====== DATA TO PROCESS

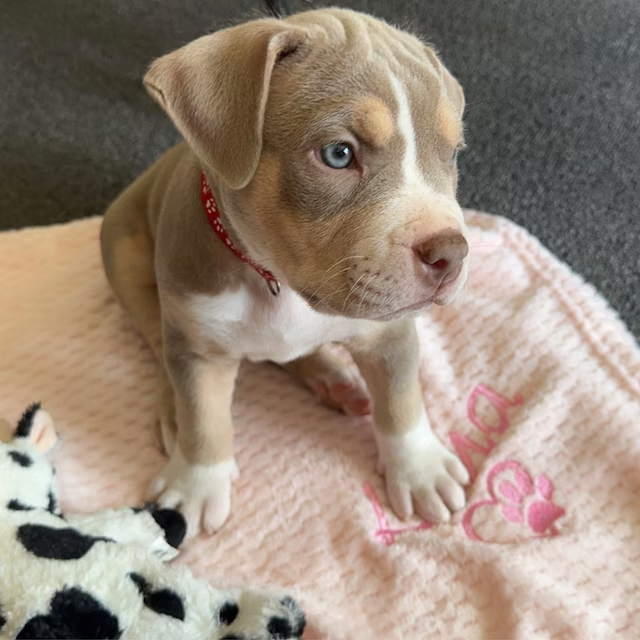 Personalized Warm Pet Blanket for Comfort & Unique | BKPet17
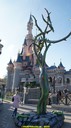 dsc09108.jpg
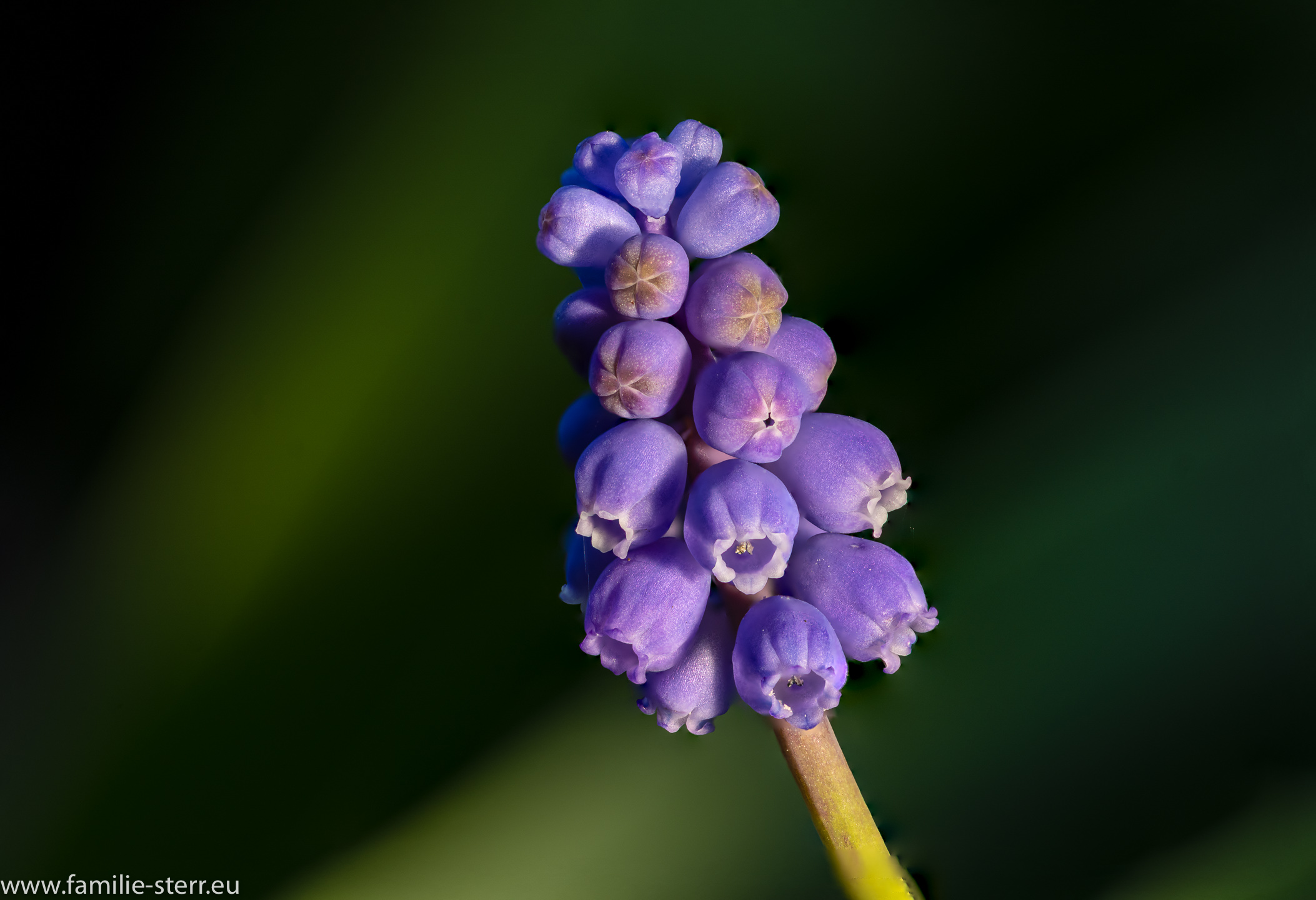 Traubenhyazinthe 4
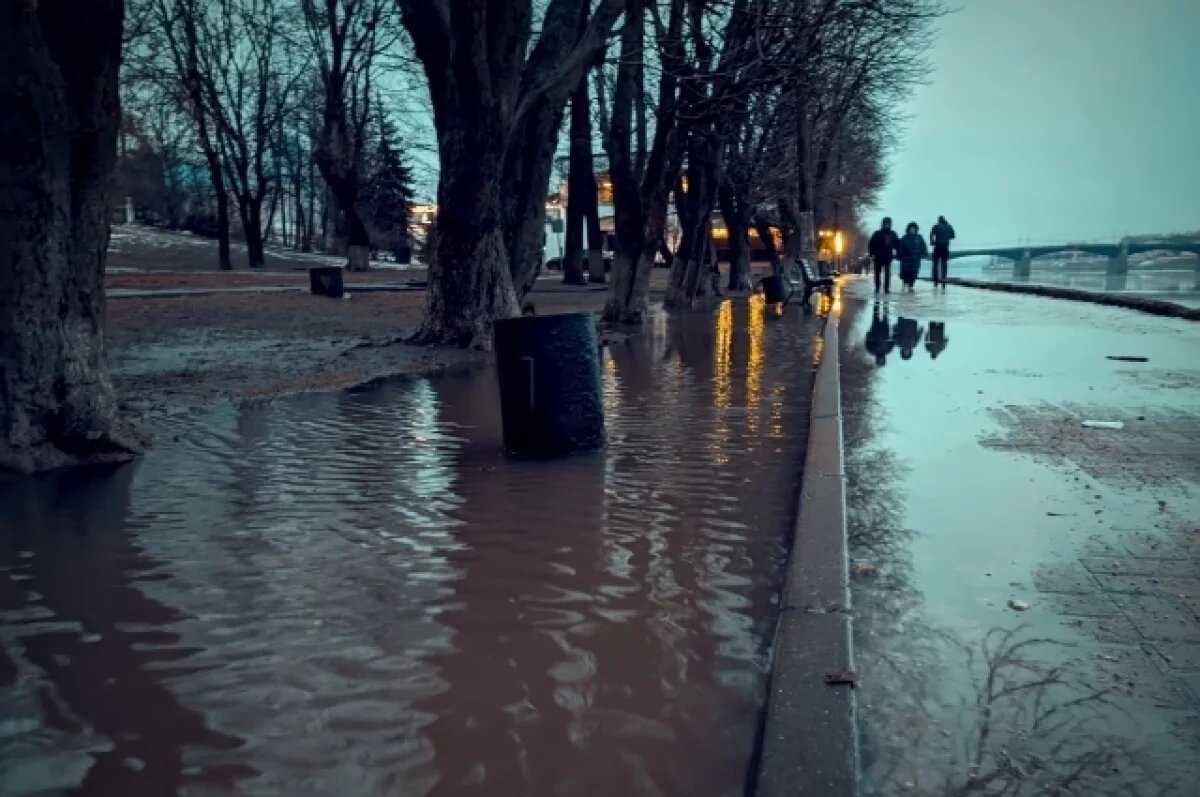    Стало известно, какая погода будет в Нижнем Новгороде весной-2025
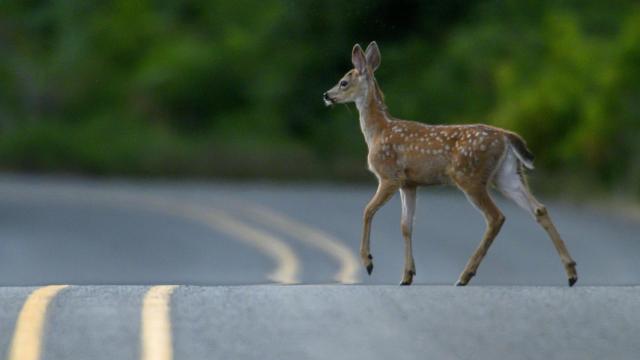Ciervo cruzando la carretera.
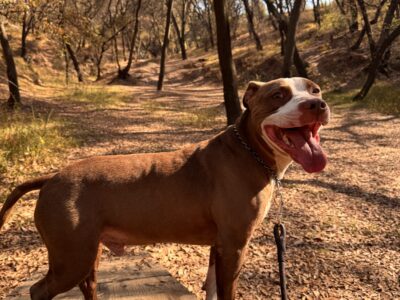 TYSON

============

DESCRIPTION OF THE TASK –
Restate the data exactly, though only from the line that contains "dsc09108.jpg" through its last line, both ends included and with the pictures left out.

RESPONSE TO THIS EXERCISE –
 dsc09108.jpg
 Traubenhyazinthe 4
    Стало известно, какая погода будет в Нижнем Новгороде весной-2025
Ciervo cruzando la carretera.
 TYSON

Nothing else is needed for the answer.